Alopecia/Hair Loss

   This is really distressing and can have quite a few causes. There are two main types:

Alopecia Areata is a hair-loss disease that affects men, women and children. The onset is often sudden, random and frequently recurrent. This one I see most frequently to do with stress, trauma and nutrient deficiency.

Androgenic Alopecia is most common in older men and women. It affects approximately 50% of men over 50 and 50% of women over 65. This is most likely the one being caused by a hormone imbalance, although it does occur as I’ve seen it in younger women with hormone issues such as PCOS (polycystic ovary syndrome).

Alopecia is generally thought to be an autoimmune disorder where the follicle is being self-attacked for some reason. As you’ll see below, gluten is a common trigger for this.


What Do You Look At For Hair Loss and Alopecia?

These are the main issues to consider when losing hair:

1. Hypothyroid. Do a full thyroid screen including reverse T3 and autoimmune antibodies; not just TSH and T4 levels. Read about thyroid illness on this A-Z and start maybe with the free basal temperature test on the shop.

2. Gluten illness: autoimmune attack on the follicles is a known problem and gluten is a common denominator in many autoimmune processes. Have a look here, for example, and here. Read more about gluten illness here on this site.

3. Nutritional deficiency, especially of zinc, Vit C, B vits, particularly biotin. Of course, the nutritional deficiency is sometimes secondary to the gluten causing malabsorption so gluten can be the real key. You can see more and how to test nutrients properly here.

4. Anaemia, especially of iron. Tip: Do not necessarily believe female ferritin levels of less than 70, especially if your ESR inflammation marker is high. And, again, anaemia is one of the key triggers clinically for investigating coeliac disease and non-coeliac gluten sensitivity.

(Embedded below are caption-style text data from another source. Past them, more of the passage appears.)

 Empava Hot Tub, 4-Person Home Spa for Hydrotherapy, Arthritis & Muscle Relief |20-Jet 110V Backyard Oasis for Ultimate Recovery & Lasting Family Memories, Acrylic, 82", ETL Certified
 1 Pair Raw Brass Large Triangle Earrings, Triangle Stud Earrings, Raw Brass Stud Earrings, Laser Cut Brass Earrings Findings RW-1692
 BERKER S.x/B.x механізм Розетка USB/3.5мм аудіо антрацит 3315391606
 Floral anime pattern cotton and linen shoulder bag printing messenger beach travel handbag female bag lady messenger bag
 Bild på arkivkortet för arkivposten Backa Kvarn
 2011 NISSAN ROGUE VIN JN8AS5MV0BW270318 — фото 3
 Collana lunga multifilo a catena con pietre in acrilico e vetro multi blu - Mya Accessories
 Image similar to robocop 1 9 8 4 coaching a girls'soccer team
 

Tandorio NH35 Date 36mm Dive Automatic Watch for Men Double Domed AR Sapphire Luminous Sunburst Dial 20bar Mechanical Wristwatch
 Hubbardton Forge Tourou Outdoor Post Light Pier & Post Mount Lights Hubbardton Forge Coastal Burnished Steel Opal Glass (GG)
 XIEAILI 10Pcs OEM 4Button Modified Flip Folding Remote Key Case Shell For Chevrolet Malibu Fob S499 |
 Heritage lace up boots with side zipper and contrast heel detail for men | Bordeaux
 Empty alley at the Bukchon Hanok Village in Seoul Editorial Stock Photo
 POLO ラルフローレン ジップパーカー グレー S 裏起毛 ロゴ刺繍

5.  Upset androgen (male hormone) levels, especially of testosterone – too little in men and too much in women. You can do a simple testosterone check or a full female or male hormone profile. You can see all the hormone tests here.

Those are the first things I would investigate from a biochemical point of view anyway.

Of course, stress is a major factor too and an adrenal check would be good advice if you are feeling like you don’t cope as well with life as well as you used to. See the factsheet on Adrenal Fatigue.

The good news is that it is usually reversible or at least significantly improveable. You can get lots more info and support from Alopecia UK and I thought their FAQ was particularly good.

Hope that helps. Remember: it is very probably temporary so try not to worry.